▶ [About this exercise]
Write each line exactly as it stands, from the line containing "Zaccharie Risacher con" through the end of the data.

Scraped caption text data

────────────────────────────────────────

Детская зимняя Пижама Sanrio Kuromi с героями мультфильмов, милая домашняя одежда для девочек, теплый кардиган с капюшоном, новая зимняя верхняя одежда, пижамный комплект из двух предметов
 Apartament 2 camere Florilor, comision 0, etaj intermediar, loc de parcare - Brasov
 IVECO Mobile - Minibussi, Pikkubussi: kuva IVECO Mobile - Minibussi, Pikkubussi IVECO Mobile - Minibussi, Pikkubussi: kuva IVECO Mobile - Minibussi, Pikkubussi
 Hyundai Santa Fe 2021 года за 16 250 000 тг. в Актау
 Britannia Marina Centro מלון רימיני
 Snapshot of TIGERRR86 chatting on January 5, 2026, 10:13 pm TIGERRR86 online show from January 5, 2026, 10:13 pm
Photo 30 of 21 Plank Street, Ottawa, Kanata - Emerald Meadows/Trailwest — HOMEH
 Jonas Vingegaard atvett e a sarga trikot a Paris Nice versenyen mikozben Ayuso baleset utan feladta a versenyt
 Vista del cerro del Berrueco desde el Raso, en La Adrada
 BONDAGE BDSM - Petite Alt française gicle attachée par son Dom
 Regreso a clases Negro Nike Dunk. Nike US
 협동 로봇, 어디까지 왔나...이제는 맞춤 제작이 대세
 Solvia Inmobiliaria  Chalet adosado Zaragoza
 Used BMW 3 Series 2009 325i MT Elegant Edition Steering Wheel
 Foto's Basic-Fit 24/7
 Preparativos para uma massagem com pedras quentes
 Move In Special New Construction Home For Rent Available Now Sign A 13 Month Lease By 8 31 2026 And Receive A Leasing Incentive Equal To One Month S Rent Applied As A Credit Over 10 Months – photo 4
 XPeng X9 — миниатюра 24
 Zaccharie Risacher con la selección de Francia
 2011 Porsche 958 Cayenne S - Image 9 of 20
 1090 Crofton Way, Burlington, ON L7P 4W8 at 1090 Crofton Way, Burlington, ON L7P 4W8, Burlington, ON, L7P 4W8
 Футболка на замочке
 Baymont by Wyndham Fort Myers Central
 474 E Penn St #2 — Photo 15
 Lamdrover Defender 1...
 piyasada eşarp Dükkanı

────────────────────────────────────────

▶ [Finished exercise]
 Zaccharie Risacher con la selección de Francia
 2011 Porsche 958 Cayenne S - Image 9 of 20
 1090 Crofton Way, Burlington, ON L7P 4W8 at 1090 Crofton Way, Burlington, ON L7P 4W8, Burlington, ON, L7P 4W8
 Футболка на замочке
 Baymont by Wyndham Fort Myers Central
 474 E Penn St #2 — Photo 15
 Lamdrover Defender 1...
 piyasada eşarp Dükkanı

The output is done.